**TASK ITEM**
Restate the listing word for word. Stop at the line that holds "And there you", include it, and leave out all pictures.
________________________________________
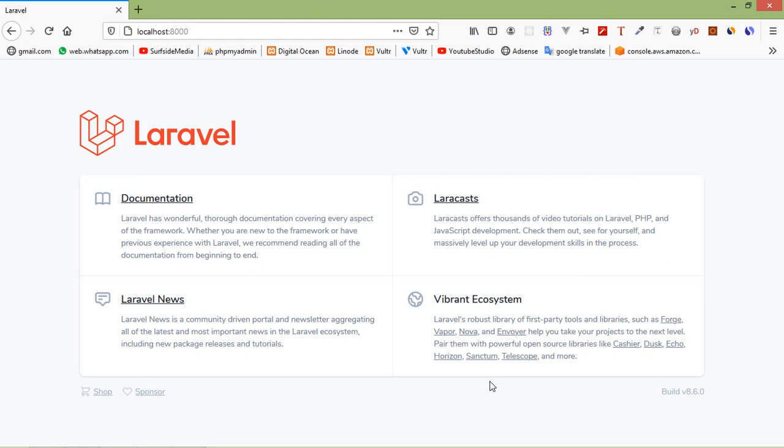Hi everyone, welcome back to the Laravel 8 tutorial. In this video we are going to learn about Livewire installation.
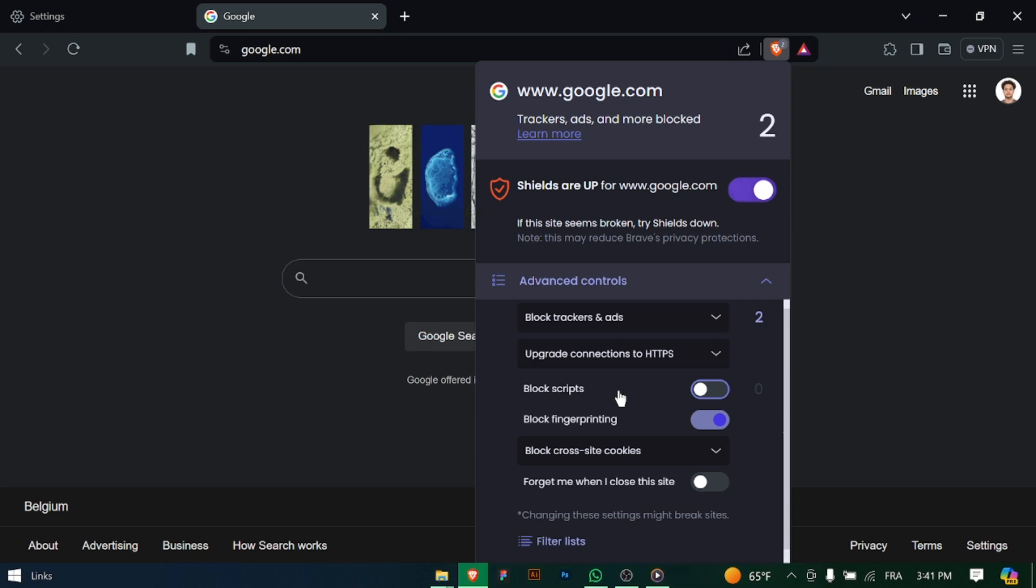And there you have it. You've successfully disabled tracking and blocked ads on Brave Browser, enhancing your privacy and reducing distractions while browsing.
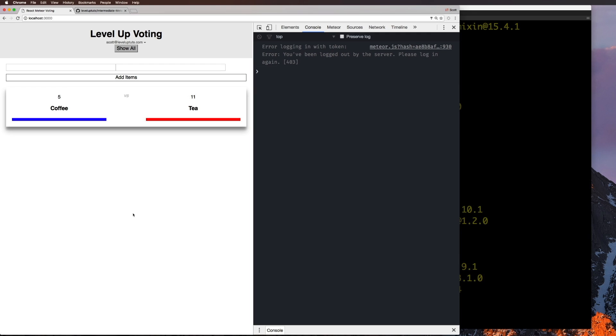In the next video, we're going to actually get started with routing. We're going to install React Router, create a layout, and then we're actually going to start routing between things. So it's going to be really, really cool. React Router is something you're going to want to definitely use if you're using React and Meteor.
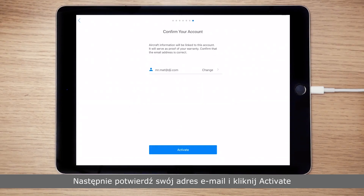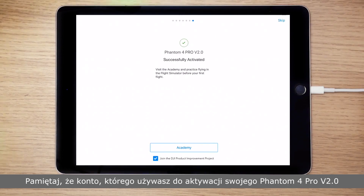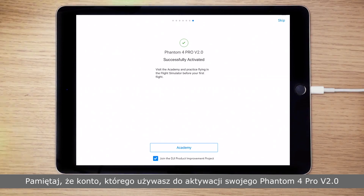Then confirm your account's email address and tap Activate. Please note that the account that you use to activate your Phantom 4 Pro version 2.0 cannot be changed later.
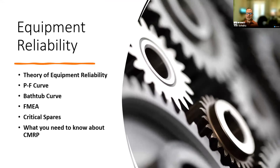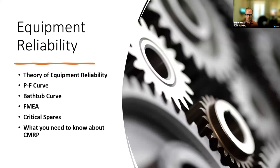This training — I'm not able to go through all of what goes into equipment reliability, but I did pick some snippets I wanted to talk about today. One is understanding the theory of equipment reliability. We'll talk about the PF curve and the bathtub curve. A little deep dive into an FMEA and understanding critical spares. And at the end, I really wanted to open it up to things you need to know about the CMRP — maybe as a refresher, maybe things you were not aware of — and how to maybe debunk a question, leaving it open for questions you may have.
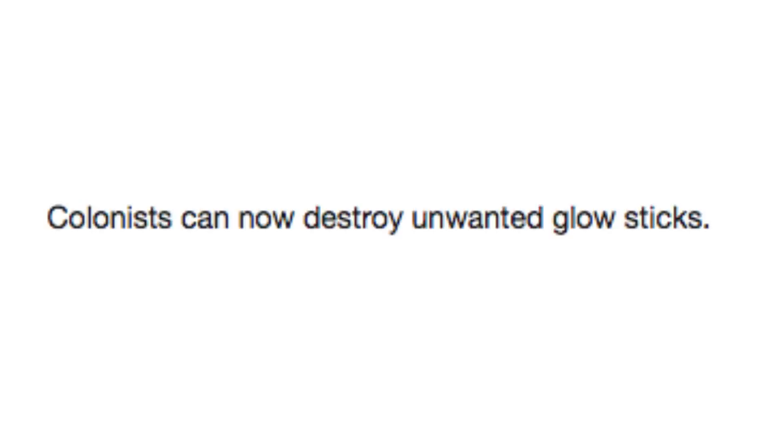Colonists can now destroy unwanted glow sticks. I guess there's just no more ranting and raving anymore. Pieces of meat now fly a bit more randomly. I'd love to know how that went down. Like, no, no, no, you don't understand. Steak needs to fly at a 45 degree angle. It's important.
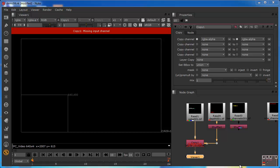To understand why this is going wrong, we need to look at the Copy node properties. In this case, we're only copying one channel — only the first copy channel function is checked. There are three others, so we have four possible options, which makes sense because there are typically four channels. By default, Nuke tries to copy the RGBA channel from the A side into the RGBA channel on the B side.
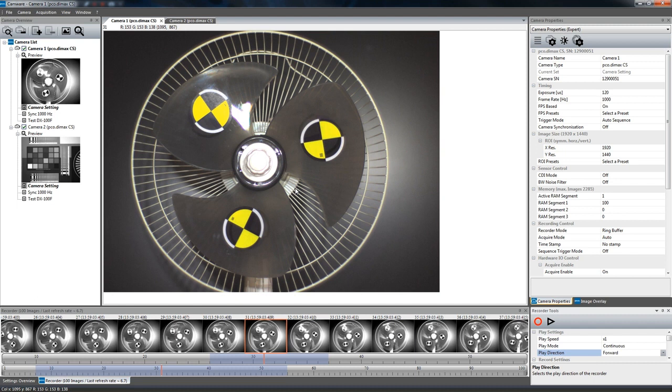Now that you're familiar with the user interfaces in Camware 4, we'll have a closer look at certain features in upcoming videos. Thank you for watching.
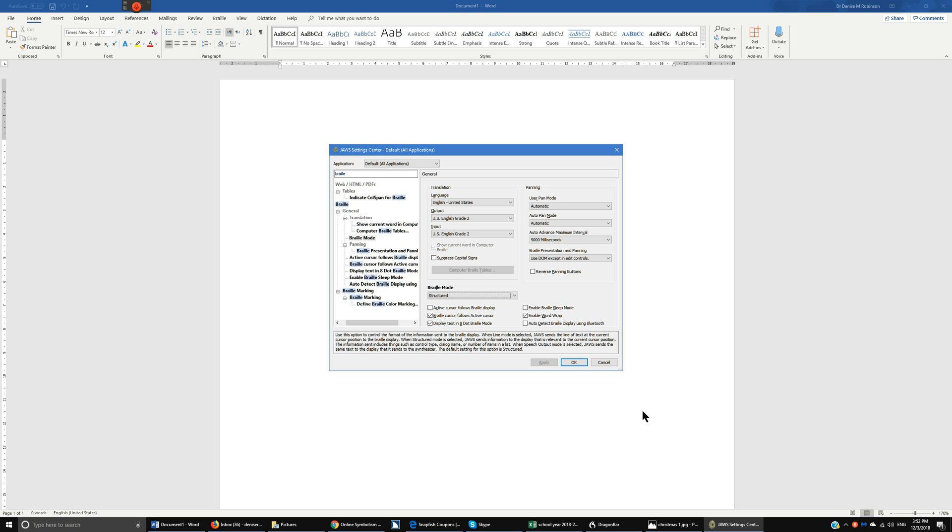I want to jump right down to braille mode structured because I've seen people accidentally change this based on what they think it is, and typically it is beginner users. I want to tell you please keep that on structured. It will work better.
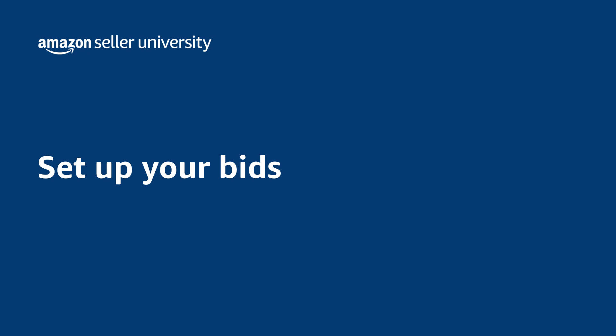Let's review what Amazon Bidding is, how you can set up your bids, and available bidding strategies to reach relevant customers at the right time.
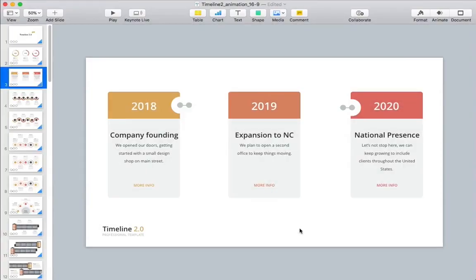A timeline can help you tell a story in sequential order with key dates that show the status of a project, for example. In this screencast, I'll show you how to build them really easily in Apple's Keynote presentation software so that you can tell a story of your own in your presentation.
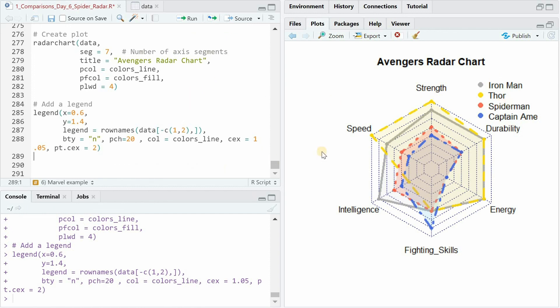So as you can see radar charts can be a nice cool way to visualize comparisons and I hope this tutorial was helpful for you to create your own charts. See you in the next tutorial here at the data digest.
________________________________________
**SOLUTION TO THIS PROBLEM**
Hi everyone, welcome back to the Laravel 8 tutorial. In this video we are going to learn about Livewire installation.
And there you have it. You've successfully disabled tracking and blocked ads on Brave Browser, enhancing your privacy and reducing distractions while browsing.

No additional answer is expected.